» EXERCISE DIRECTIONS
After finding the line with "2009 Mercedes-Benz Ml" in the entries below, retype exactly each line from there through the line with "Cách mặc áo tốt nghiệp đại học.", including that final line.

#### DATA

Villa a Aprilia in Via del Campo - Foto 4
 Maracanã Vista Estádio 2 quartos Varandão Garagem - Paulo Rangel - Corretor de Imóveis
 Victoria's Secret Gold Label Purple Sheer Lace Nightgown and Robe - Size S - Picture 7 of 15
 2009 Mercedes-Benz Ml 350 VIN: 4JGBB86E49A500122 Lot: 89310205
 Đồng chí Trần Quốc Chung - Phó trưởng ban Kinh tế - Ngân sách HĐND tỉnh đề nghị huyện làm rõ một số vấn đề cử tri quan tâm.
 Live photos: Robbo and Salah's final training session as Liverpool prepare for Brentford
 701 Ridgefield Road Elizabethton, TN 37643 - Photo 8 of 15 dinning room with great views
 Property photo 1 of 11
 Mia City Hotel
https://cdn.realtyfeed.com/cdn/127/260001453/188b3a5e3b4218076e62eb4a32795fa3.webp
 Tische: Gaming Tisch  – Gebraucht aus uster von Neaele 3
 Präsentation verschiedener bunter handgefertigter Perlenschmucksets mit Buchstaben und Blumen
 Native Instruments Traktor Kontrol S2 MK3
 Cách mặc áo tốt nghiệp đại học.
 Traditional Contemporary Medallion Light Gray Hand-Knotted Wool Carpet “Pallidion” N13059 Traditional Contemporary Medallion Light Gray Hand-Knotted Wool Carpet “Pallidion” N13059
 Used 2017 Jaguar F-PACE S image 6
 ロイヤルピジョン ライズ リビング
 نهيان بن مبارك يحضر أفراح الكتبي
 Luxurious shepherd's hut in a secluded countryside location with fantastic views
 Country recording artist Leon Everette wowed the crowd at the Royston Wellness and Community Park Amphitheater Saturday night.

########

» SOLUTION TO THE EXERCISE
 2009 Mercedes-Benz Ml 350 VIN: 4JGBB86E49A500122 Lot: 89310205
 Đồng chí Trần Quốc Chung - Phó trưởng ban Kinh tế - Ngân sách HĐND tỉnh đề nghị huyện làm rõ một số vấn đề cử tri quan tâm.
 Live photos: Robbo and Salah's final training session as Liverpool prepare for Brentford
 701 Ridgefield Road Elizabethton, TN 37643 - Photo 8 of 15 dinning room with great views
 Property photo 1 of 11
 Mia City Hotel
https://cdn.realtyfeed.com/cdn/127/260001453/188b3a5e3b4218076e62eb4a32795fa3.webp
 Tische: Gaming Tisch  – Gebraucht aus uster von Neaele 3
 Präsentation verschiedener bunter handgefertigter Perlenschmucksets mit Buchstaben und Blumen
 Native Instruments Traktor Kontrol S2 MK3
 Cách mặc áo tốt nghiệp đại học.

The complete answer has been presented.